Useless shit I'll never use in life since I'm not a math or CS major.
>>8211428
that's fucking lazy of you
http://ocw.mit.edu/courses/electrical-engineering-and-computer-science/6-00sc-introduction-to-computer-science-and-programming-spring-2011/
> CS major
> Not knowing what big O notation is
why are you even on /sci/ brainlet?
>>8211428
its kind of similar to
O(long johnson)
Let [math]f[/math] and [math]g[/math] be real functions of a real or integer variable. We say [math]f \in O(g)[/math] if there exist constants [math]c,x_0[/math] such that for all [math]x > x_0[/math], [math]\mathopen|f(x)\mathclose| \le c\cdot g(x)[/math]. Then define the plebian syntax [math]f(x) = O(g(x))[/math] to mean [math]f \in O(g)[/math].
Essentially, the growth rate of [math]f[/math] is eventually bounded by [math]g[/math]. Here, being [math]O(\log n)[/math] means you grow at most as a logarithmic function and hence e.g. you grow more slowly than any polynomial.
>>8211496
>Then define the plebian syntax
I hate that syntax too. It's commonly used by people who've never seen the proper definition and only understand it at a babby "intuitive" level.
I'm assuming you aren't asking about big-O in general, but just specifically O(log n).
Am example of O(log n) would be something like traversing a binary tree. If the tree is balanced and properly ordered, then this'll work. On the top there's one node, that's 2^0. It splits into two child nodes, that's 2^1, with the left node being less, and the right node being greater. Each of those nodes split into 2 child nodes a piece themselves, making 4, i.e. 2^2, and the pattern continues. On layer 4 you have 8 nodes, then 16, then 32, etc...
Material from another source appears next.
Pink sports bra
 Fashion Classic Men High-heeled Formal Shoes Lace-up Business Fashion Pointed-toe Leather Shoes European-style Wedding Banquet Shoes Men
Say you're looking for a specific node in this tree: you don't have to search every node in the tree. You just have to go up and down layers, branching left if the target is smaller, and right if the target is larger, thus skipping A LOT of unnecessary steps. You could essentially search say a tree of 128 nodes in 7 steps, that's log(128)... (base 2 obviously).
>>8211428
if you're talking algorithms, it most commonly used for logarithms which cut your sample size (n) in half with every step, thus needing a total of log n steps to complete.
>>8211428
As a liberal arts student I can tell you that it looks great.
Hope that helps.
It means that the polynomial represented has a degree of zero, but is not constant.
>>8211543
Or more intuitively, an [math]O(\log_2{n})[/math] operation is one where you can cut out half of the remaining values in every step, if you halt when there's only one remaining.